News just in for women's bodies, and the men who love them: apparently the curvy silhouette is back in style. Forget twiglets and drainpipe jeans that bag around the thigh - from here on out it's going to be all about plump tits, swollen hips and a rump you can park your bike on. Right? Right? Er... right?
Well perhaps we should step back a little and consider our source material for this semi-outrageous claim. The Times this week became the first (but sadly not the last) of the UK broadsheets to make the 'curvy is back' call... for this month at least. And while all this is very good in theory, particularly for those of us who are not only blessed with an excessive amount of soft corners but have just polished of an embarrassing quantity of Cadbury Creme Eggs, I think some scepticism is in order.
Mostly because the "evidence" The Times uses to justify this (alleged) return of the rounded arse is Kate Moss. In particular, the photo of Kate Moss shown above.
"Women rejoice [the Times says], Kate Moss has gone curvy."
To which I say: you have got to be freaking kidding me. I mean, I like Kate Moss, I envy Kate Moss, I even sort of fancy Kate Moss. But when I look at Kate Moss, the word that springs to mind is most certainly not "curvy". And when I look at the photo above I still do not think of the word "curvy". I might think "there is a skinny girl who looks like she's just had a big meal". But even that's pushing it a bit.

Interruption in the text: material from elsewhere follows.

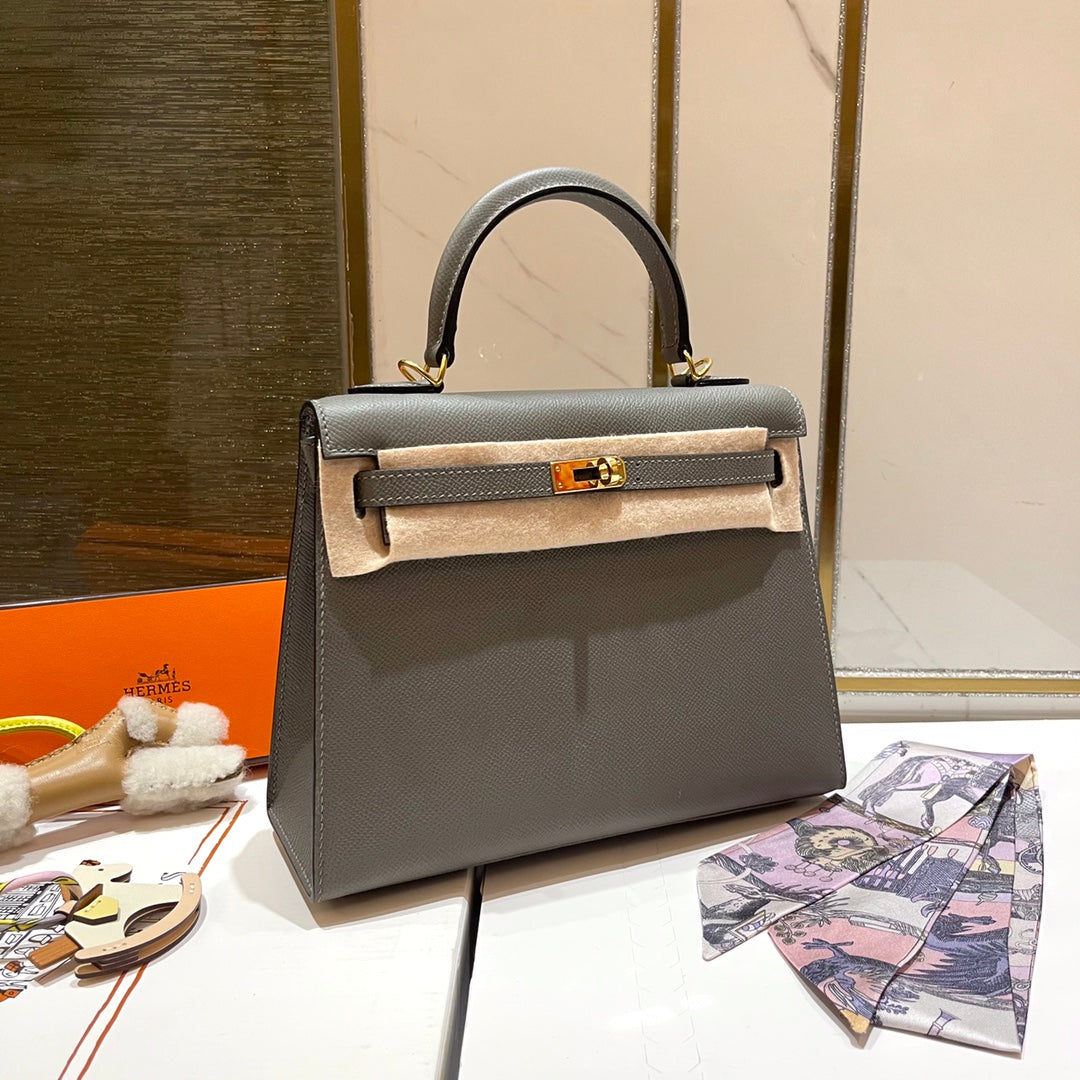 HM Kelly 25CM Gris Mouette Epsom Leather Gold Hardware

I do realise that "skinny still in" does not exactly a story make but Come On. Can we not try a little harder? I can stare at Scarlett Johansen's tits and believe for a moment that T&A is back in vogue, and I could, frankly, look at pictures of that saucy redhead from Mad Men for DAYS and believe anything she wanted me to, but Kate Moss? I could still build an entire outfit for her twiglet frame from the wrappings of the easter eggs I have just consumed. And while I have eaten quite a few easter eggs I have not, I assure you, eaten THAT many.